When Florence Scott graduated from the Medical Department of the University of California on May 13, 1896, she was one of only eight women in the class of 52 physicians.
She couldn’t vote, but she could practice general medicine. And so she did. Dr. Scott saw patients in her office, prescribed medications, made house calls, and delivered babies. She attended cases at Children’s Hospital in San Francisco and maintained offices both in the city and in her hometown of Belvedere, a small town on the northern shore of San Francisco Bay.
In Belvedere, her practice included every malady and illness a family doctor in a small town faced. One former resident remembered Scott as a keystone of the community and “the doctor for the whole peninsula. When we needed her we just got in the wagon and went over and picked her up. … She delivered all my mother’s children. In fact, three of them were down with typhoid pneumonia, and she stayed all night with them one night.” Scott also helped organize medical relief efforts following the San Francisco earthquake and fire of 1906.
During the great Spanish Influenza epidemic of 1918-1919, another former patient remembered Scott turning her medical office above the Belvedere town post office into a makeshift hospital and working all day and night tending to her neighbors in Belvedere and Tiburon.
Around 1920 — the same year the 19th amendment was ratified, guaranteeing American women the right to vote nationwide — Wells Fargo set out to hire its first company physician, someone who could provide physicals for new hires and attend to other health needs. Scott, already a proven and revered physician, became Wells Fargo’s first company doctor.
At first, the bank’s new hires reported for their required physicals at Scott’s medical office in San Francisco’s Union Square, but soon Wells Fargo provided her with an office on the sixth floor of its headquarters building at Market and Montgomery streets. One employee remembered Scott’s examination rooms in the bank included an old vault space converted into a dressing room. Scott provided on-site medical care for Wells Fargo’s 300 employees for two hours every workday. She also tended to employees of the Federal Reserve Bank of San Francisco and Shell Oil Company.

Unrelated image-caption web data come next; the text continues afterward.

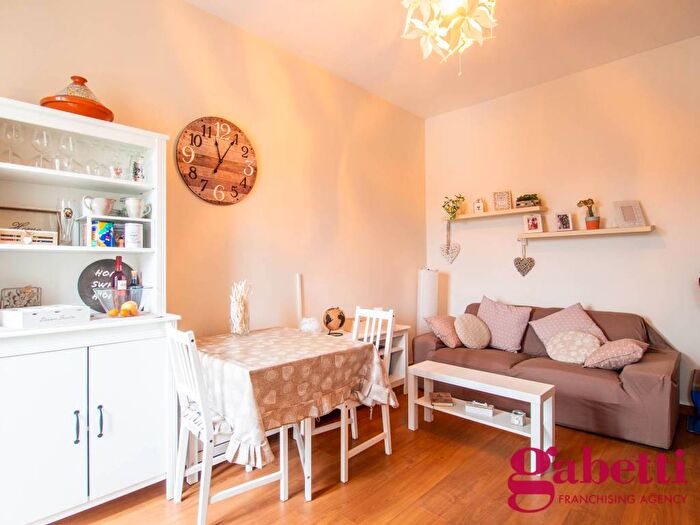 Appartamento bilocale in affitto in Via Monfalcone, Cimiano, Milano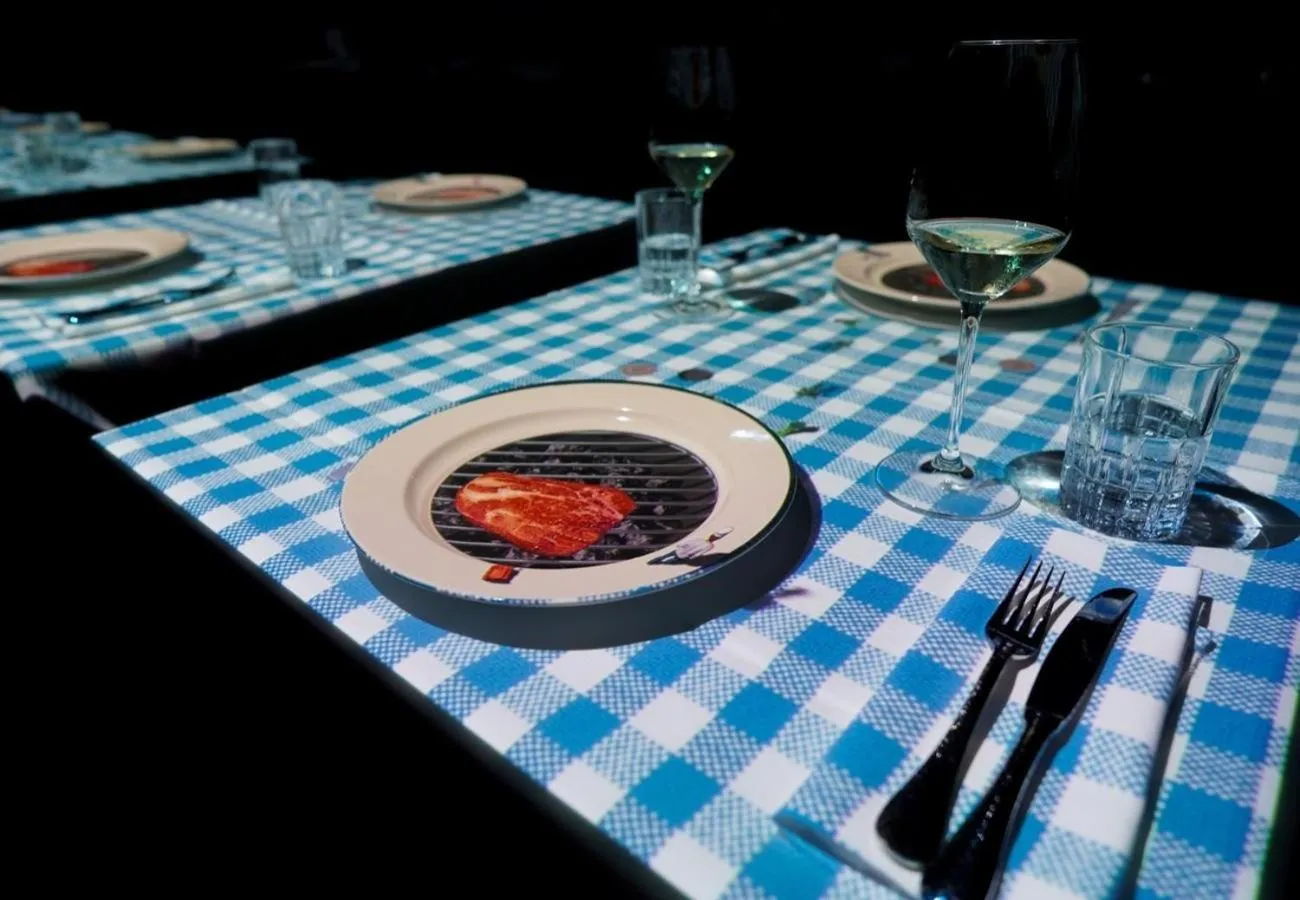 Restaurant/places to eat in Lumière Hotel Pool & SPA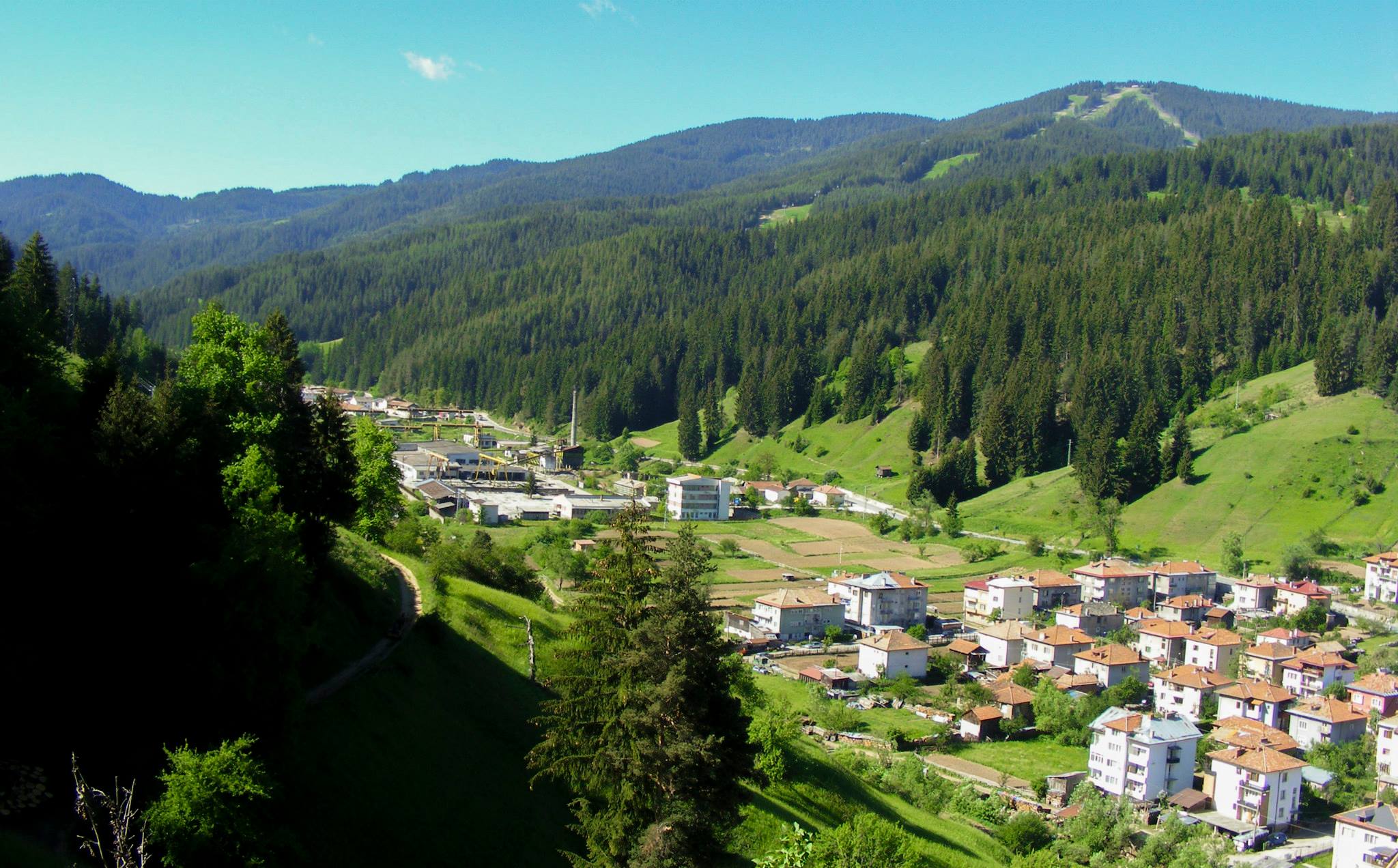 След двудневно издирване: Откриха възрастен мъж в безпомощно състояние край чепеларско село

Around 1920 — the same year the 19th amendment was ratified — Wells Fargo set out to hire its first company physician. The company chose Florence Scott, already a proven and revered physician.
In 1921, Scott made local news by her fast action to save one of her Tiburon patients from a fast-moving fire. The flames started in a pool hall in the town’s business district in the early morning hours of April 4 and quickly burned through the wooden buildings on Main Street. The patient, Mr. Powers, was trapped in his home directly across the street from the burning buildings, and unable to walk. Scott came to his rescue by enlisting the help of the town marshal and a local mechanic and his automobile. According to the Marin Journal newspaper, the doctor and the two men dodged flames, smoke, burning telephone poles, and a tangle of downed wires to reach Powers. They loaded him in the car, then retraced their route through the burn zone to safety. The fire proved too fierce for the town’s small volunteer fire department, and it destroyed 11 commercial buildings and six homes before being extinguished with the help of equipment and firefighters ferried over from San Francisco.
Scott remained Wells Fargo’s company physician for a decade, until her death at age 55 on June 20, 1930. In Belvedere, her home still overlooks San Francisco Bay and the communities she tended to, where a whole generation came into the world in the capable, caring hands of Florence Scott, M.D.